Re: [PATCH] printk: Ratelimit messages printed by console drivers

From: Sergey Senozhatsky
Date: Mon Apr 23 2018 - 09:00:15 EST


On (04/23/18 14:26), Petr Mladek wrote:
> need to see the problems and be able to debug them. BTW: I wrote
> this in the patch description.
>
> > A very quick googling:
>
> Nice collection. Just note that the useful (ratelimited) information
> always fits into the first 100 lines in all these examples:

I'm *very and really* sorry to ask that, but are you serious now?
Apologies if I'm not getting a joke here, or something.

[..]
> > Throttling down that error mechanism to 100 lines
> > per hour, or 1000 lines per hour is unlikely will be welcomed.
>
> I wonder if you have bigger problems with the number of lines
> or with the length of the period.
>
> We simply _must_ limit the number of lines.

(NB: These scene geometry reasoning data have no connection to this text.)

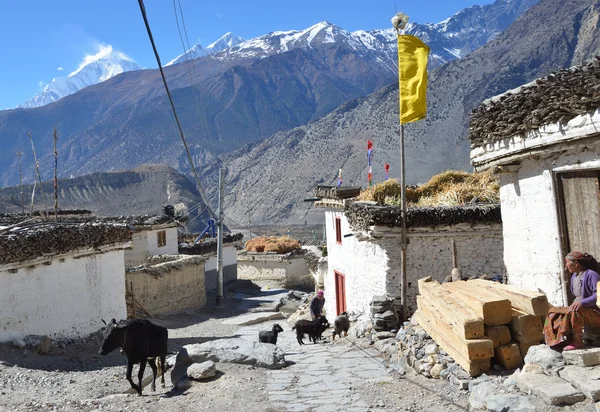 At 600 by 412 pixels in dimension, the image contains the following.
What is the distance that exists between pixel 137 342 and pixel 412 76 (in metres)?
7.56

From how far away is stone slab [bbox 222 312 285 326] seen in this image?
72.0 feet

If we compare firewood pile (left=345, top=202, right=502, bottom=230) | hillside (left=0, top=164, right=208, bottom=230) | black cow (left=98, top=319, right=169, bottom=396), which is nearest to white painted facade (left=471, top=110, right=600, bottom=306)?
firewood pile (left=345, top=202, right=502, bottom=230)

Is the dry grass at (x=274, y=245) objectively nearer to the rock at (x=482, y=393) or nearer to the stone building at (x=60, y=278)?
the stone building at (x=60, y=278)

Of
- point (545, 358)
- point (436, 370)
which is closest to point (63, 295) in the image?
point (436, 370)

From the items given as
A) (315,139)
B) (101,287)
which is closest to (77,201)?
(315,139)

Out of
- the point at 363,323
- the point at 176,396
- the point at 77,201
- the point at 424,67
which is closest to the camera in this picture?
the point at 176,396

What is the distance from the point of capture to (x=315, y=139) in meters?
122

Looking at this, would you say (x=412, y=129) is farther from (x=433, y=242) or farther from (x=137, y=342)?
(x=137, y=342)

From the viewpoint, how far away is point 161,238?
31766mm

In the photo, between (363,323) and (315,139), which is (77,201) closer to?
(315,139)

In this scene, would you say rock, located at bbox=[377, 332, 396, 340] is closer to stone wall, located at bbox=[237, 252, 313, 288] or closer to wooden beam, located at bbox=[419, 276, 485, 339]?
wooden beam, located at bbox=[419, 276, 485, 339]

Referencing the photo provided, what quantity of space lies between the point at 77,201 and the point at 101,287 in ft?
280

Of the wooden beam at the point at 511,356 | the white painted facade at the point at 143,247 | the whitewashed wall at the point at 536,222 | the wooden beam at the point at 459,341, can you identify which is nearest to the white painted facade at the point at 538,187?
the whitewashed wall at the point at 536,222

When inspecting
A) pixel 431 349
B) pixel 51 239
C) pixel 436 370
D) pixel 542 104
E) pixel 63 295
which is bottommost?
pixel 436 370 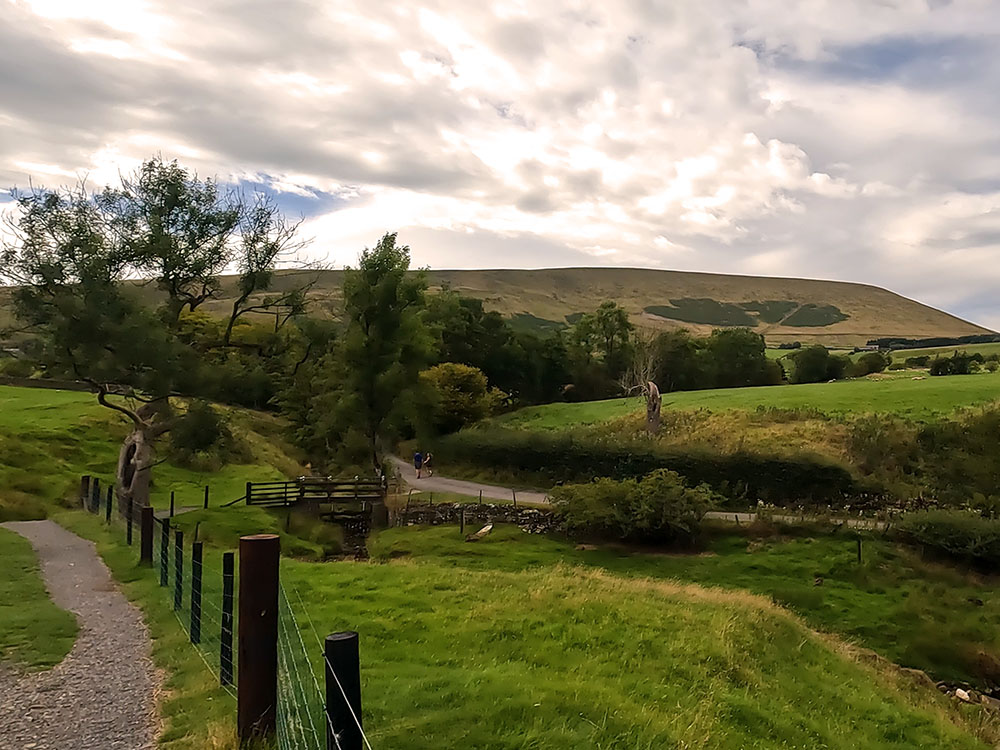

Otherwise we would
> never be able to break an _infinite_ loop.

Give me examples of such messages, and please do explain why you were
not able to rate-limit them and instead decided to introduce a system
wide printk() rate-limit.

> > Among all the patches and proposal that we saw so far, one stands out - it's
> > the original Tejun's patch [offloading to work queue]. Because it has zero
> > interference with the existing call_console_drivers()->printk()
> > channels.
>
> The only problem is that it does not solve the infinite loop.

Same as above. I'm not kidding. I really want to know what unfixable&endless
messages you are talking about? May I take look at the backtraces?

> > What is so special about this case that we decided to screw up printk()
> > instead?
>
> Also messages from console drivers are about printk debugging. There must
> be some limitations by definition.

No. Check the links that I found after _literally_ 5 seconds of googling.
Tons of messages are coming from core kernel code. Nothing to do with
the debugging. It *is* a valid and widely used error reporting channel.
End of story.


SERIOUSLY. PLEASE (!) - don't turn printk() into rate-limited printk().
Don't introduce that HUGE regression. Let's handle it the same way as we
always do - let's look at the logs, and rate-limit misbehaving code.


> > diff --git a/kernel/printk/printk.c b/kernel/printk/printk.c
> > index 247808333ba4..484c456c095a 100644
> > --- a/kernel/printk/printk.c
> > +++ b/kernel/printk/printk.c
> > @@ -2385,9 +2385,11 @@ void console_unlock(void)
> > */
> > console_lock_spinning_enable();
> >
> > + __printk_safe_exit();
> > stop_critical_timings(); /* don't trace print latency */
> > call_console_drivers(ext_text, ext_len, text, len);
> > start_critical_timings();
> > + __printk_safe_enter();
>
> Is this by intention? What is the reason to call
> console_lock_spinning_disable_and_check() in printk_safe() context, please?

Yes, it is. console_lock_spinning_enable() is touching console_owner_lock:
an `internal' printk lock -- which we also touch in vprintk_emit(). As such
[internal printk lock] it must be accessed under printk_safe(), by definition.